* Task directions *
Lines with "Balance": copy each one from the listing below.

(Records shown begins)

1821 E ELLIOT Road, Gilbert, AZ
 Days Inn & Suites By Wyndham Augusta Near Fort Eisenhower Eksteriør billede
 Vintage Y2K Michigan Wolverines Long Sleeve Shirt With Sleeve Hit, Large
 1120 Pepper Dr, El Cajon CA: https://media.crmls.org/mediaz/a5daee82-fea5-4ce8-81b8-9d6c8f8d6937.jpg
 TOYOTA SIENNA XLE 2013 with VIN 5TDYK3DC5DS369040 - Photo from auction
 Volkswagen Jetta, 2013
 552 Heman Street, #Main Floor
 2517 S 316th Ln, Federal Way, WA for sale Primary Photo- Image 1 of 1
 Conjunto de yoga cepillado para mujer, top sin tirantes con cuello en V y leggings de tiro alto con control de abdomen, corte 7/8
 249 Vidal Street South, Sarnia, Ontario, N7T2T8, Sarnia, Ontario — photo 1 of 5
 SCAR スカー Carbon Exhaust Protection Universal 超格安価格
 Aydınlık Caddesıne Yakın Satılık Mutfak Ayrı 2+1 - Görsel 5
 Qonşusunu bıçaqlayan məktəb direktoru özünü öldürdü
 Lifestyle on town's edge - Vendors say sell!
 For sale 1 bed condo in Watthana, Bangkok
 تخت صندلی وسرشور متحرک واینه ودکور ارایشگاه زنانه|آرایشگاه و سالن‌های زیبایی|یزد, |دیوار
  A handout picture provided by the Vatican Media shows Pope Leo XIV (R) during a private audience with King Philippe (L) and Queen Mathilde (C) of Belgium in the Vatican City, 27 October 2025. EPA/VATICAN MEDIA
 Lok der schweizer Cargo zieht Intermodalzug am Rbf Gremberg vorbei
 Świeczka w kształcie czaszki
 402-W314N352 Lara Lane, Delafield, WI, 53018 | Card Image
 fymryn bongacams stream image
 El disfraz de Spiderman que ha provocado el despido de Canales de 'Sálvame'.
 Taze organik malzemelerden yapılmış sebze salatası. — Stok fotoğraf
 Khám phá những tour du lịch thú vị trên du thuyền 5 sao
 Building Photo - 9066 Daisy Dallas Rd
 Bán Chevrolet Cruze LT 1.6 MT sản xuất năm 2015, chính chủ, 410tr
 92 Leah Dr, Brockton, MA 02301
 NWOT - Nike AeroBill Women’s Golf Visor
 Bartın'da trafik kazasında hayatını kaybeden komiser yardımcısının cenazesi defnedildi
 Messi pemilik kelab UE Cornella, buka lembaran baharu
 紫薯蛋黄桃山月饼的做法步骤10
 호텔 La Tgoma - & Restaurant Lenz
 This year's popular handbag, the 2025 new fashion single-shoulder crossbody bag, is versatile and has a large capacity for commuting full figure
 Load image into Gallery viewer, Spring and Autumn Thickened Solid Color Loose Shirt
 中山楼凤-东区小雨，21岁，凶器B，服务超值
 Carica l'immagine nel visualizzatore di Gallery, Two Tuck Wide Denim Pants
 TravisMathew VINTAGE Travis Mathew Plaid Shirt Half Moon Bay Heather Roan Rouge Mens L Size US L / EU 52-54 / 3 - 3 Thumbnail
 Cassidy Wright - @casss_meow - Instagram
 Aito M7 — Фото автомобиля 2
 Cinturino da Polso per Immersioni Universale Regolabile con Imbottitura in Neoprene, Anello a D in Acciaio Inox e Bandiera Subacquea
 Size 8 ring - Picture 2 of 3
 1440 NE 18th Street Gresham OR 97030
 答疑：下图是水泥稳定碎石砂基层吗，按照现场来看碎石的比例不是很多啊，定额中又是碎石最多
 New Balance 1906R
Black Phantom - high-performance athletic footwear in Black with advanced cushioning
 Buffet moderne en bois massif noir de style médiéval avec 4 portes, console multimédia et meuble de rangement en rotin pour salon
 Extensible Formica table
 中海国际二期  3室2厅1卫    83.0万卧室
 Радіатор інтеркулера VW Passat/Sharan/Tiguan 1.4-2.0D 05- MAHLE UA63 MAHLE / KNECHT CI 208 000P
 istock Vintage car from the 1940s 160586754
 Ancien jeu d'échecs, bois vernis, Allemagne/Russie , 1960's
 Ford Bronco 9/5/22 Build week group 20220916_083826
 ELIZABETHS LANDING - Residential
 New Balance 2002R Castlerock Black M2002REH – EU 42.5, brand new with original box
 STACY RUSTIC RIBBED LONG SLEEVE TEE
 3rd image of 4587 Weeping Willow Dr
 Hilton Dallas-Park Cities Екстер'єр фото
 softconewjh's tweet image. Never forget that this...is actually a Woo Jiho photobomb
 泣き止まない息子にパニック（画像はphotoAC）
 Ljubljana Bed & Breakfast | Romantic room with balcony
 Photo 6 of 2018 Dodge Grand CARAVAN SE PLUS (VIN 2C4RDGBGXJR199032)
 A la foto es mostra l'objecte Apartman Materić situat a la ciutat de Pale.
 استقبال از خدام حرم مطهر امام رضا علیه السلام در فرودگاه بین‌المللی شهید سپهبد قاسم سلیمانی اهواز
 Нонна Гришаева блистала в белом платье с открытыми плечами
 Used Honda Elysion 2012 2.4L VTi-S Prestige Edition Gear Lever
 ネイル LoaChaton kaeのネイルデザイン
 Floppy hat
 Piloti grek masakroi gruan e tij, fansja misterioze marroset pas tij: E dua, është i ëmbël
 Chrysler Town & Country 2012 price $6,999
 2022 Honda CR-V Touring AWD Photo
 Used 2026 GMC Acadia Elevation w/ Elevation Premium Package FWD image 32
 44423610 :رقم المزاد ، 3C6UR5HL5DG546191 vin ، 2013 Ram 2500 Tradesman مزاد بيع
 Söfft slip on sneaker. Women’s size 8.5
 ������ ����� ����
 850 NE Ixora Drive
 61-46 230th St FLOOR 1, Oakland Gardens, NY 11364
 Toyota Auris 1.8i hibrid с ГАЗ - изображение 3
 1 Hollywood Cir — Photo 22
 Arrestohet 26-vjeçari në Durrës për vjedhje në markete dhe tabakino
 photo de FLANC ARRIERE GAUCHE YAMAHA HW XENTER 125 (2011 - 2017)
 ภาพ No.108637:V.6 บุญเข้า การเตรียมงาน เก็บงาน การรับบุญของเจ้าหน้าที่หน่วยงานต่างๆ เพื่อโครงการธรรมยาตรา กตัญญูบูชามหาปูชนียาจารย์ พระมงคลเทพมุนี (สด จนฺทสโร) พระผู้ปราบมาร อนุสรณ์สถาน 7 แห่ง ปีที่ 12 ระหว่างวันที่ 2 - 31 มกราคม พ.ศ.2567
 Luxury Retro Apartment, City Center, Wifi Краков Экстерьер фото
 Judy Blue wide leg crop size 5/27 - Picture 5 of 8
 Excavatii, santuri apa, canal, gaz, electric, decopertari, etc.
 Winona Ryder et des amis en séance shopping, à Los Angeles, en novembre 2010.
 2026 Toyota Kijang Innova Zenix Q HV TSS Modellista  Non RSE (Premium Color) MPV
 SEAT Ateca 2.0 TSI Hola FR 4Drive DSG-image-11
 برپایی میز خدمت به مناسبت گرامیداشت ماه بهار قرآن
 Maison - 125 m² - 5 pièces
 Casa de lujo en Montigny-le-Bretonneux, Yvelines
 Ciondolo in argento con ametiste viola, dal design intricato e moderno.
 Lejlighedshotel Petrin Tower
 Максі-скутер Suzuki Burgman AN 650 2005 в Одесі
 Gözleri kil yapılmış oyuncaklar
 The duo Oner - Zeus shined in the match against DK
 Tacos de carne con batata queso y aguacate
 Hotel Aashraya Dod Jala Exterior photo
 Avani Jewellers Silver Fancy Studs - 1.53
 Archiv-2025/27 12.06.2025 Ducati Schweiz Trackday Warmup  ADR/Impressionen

(Records shown ends)

* Reply to the task *
 New Balance 1906R
 New Balance 2002R Castlerock Black M2002REH – EU 42.5, brand new with original box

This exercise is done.